I am about to dress for Pilates class, so there's no point in working and I have some thoughts from yesterday that I want to put on "paper".
Yesterday the choir director and several other professional musicians from the church led a discussion about the presence of God in music. A number of people from the choir attended, as did I, even though our choir wasn't singing.
One of the topics that got discussed was being an avocational musician versus a professional one. One man (another choral conductor) said that the advantage of being an avocational musician was that you didn't have to do anything musically that you didn't want to do. I can certainly see the advantage of that. I have never been particularly bothered by the fact that I don't make money singing; in fact, when I was singing the first time, my idols were women who were big stars on the avocational singing circuit and got to sing plum roles in small productions two or three times a year and then go about their lives with jobs, family, etc. There are still people doing that, but of course the bar is much higher now and they all not only sound as good as the professionals but also have conservatory degrees.

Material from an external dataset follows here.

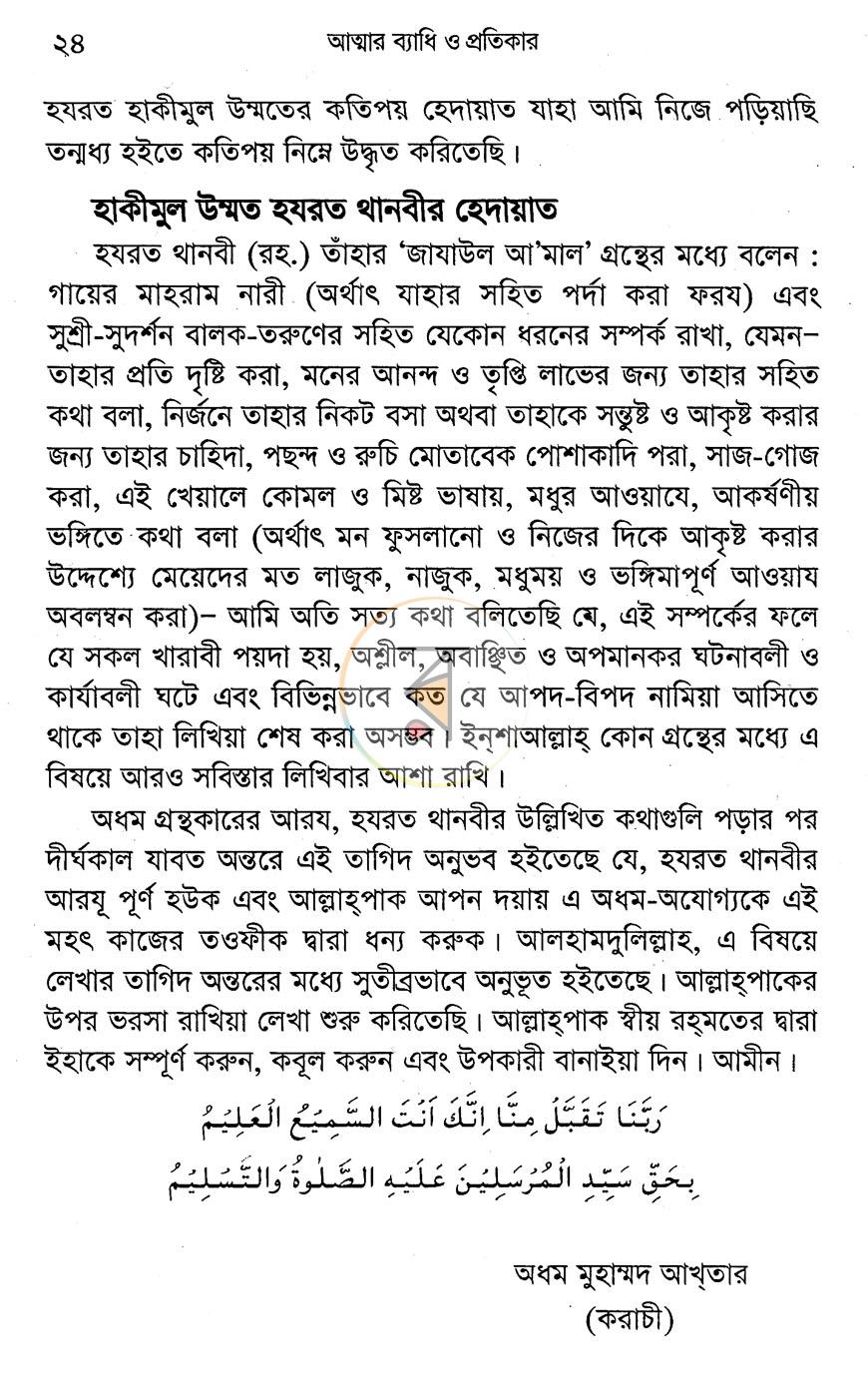 পাতা 10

For me the problems of being an avocational musician are twofold. First, I always have to justify why I'm spending time and money on this. Part of this, of course, is that when I began singing again I already had a life and needed to squeeze singing into it. As many people know, my need to recapture the feeling from that Valentine's Day was so strong that I was willing to orchestrate a breakup with my partner so that I could have a new life, but in 2007 she had a hip replacement and I realized that I needed to care for her, and one thing led to another. I still don't think of us as a "couple", but she is my significant other and in that vein we check in with each other about what we've planned for the day/week/month, etc. and she feels, rightly or wrongly, that she has a vested interest in how I spend my time and money.

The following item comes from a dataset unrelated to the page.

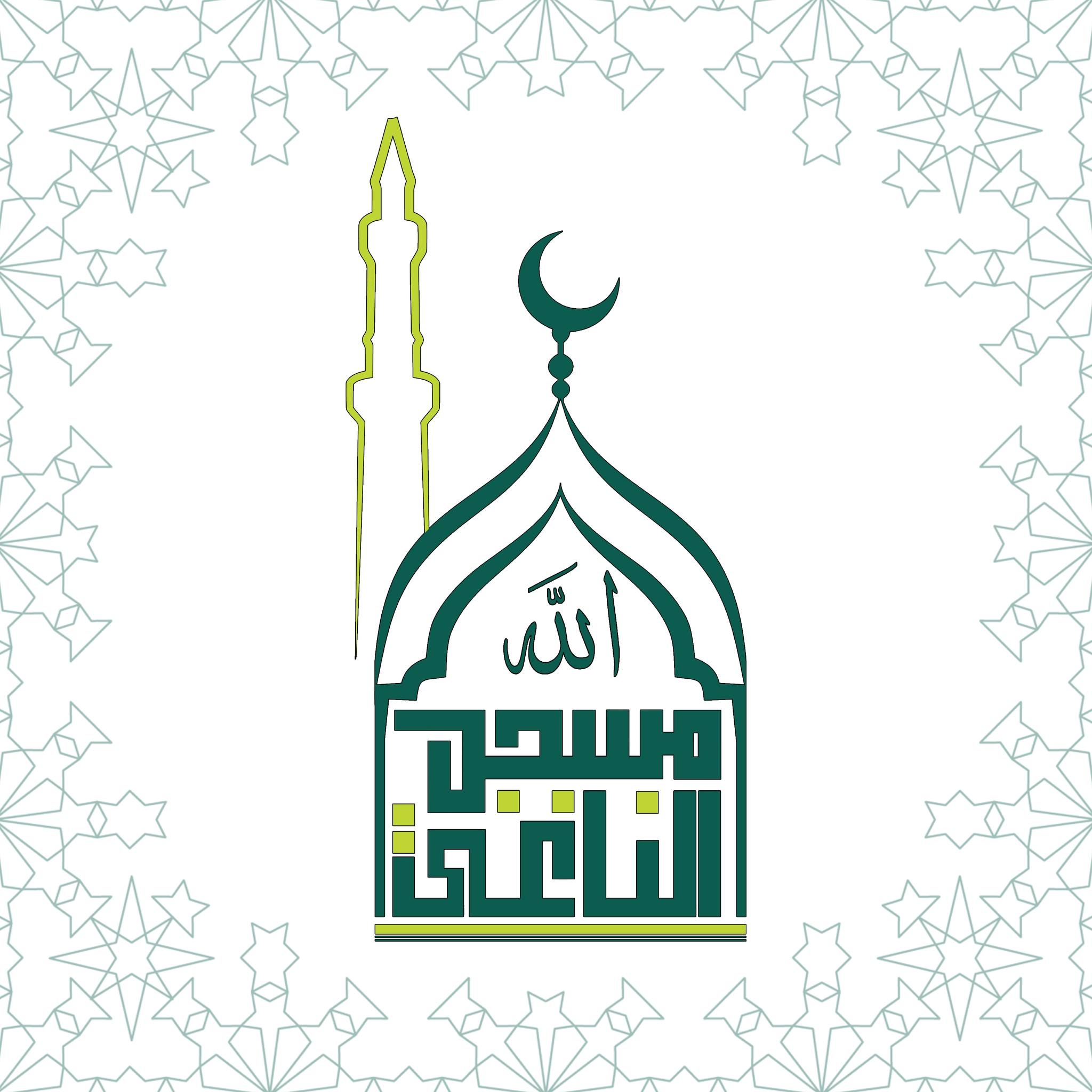 مسجد الناغي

The second issue with being an avocational singer is that other people (aka other singers) don't take me seriously. When they find out, for example, that my church gig is unpaid, I can hear a bit of contempt in their voices. (That would not be true if I had been cast in someone else's production of an opera and were singing for free.)
There was a Q and A session and so I asked the choir director and his wife, a cellist, both of whom are quite young and have up and coming careers, if it had been hard for them as young people to take care of themselves the way one needed to to have a career as a musician. I know in my heart of hearts that one big reason I gave up singing at 30 (in addition to not making money, wanting to go to college at night - it never occurred to me to major in music - and being in a Lesbian separatist milieu that did not encourage pursuing a "patriarchal" art form) was that I found it onerous to take care of myself. I had quit smoking but resented it (and after I stopped singing I went back to smoking for another two years), was continually starving myself to keep my weight under 130 pounds (I was five foot six), and wanted to party until all hours. When I went back to singing in my 50s I had long since finished with all those things and was in top physical shape.
In other news, I asked the choral conductor I mentioned if I needed a conductor as well as a pianist for the Requiem and he said no, if I trusted the pianist we could look to her for cues (this is what we did for Samson et Dalila).
And on a final note: when I got home I worked on the "Lacrymosa" measure by measure again and found that I was able to sing the first two of the difficult pages with the recording. And I woke up humming my part, despite it's not being conventionally melodic!